The OpenIndiana project is pleased to announce the next development release of the open source, enterprise operating system. OpenIndiana build 151a is now available for 32 and 64-bit x86 architecture systems. We hope you’re as excited as we are for the first complete platform for servers and desktops that offers the full power of the virtualisation, observability, management, networking, and storage technologies from the illumos project. Please see the release notes for full details of what’s new. This milestone also marks the one year anniversary of our first release. Look for our first stable release in the near future!
As soon as auto snapshots is fixed I will be using this to take advantage of KVM. Right now, I’ll stick to Solaris 11 Express.
From the brief time I tried it it was noticeable faster.
Good quality OS.
For me, it is always good to see this kind of solaris news.
I still use my openindiana system at home as a jack-of-all-trades server, but it has been upgraded so many times it is beginning to show its age (many devel upgrades in the last 3 years).

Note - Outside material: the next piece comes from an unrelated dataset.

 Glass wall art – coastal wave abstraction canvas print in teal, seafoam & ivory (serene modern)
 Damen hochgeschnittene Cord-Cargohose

However, I think I’ll also wait until snapshots are fixed to spend time on the upgrade.
Also, why the switch to KVM? I rather liked zones, but maybe the implementation was too difficult to maintain? Or are there actually features in KVM that people prefer?
KVM so that you can run Windows or Linux in a vm. Zones did not allow this.
Well you could run Linux in a zone before, but only very old distributions would work.
Have been using OpenIndiana for my dev box for a while now and it’s a very solid OS.
@Jondice
The KVM implentation is aimed at multi OS virtualization, zones only handle solaris branded zones currently as the lx brand was stopped. Although.. http://alexeremin.blogspot.com/2011/06/bring-back-lx-brand.html
I concur with the previous comments about having kvm and zfs available in (open)solaris/illumos. I cringed when the xen/xvm development went stale after the Oracle acquisition. Looking forward to a stable solaris-based os with zfs + dtrace + kvm + zones! Thanks to Joyent for their work on the kvm port ( and their illumos-based smartos – http://smartos.org ). Only wished this kvm port supported amd cpu’s, maybe in the future?
I never understood KVM.
So, does this allow me to run Windows in KVM, exactly like bare bone, i.e. I get full 3D graphics and can run all games?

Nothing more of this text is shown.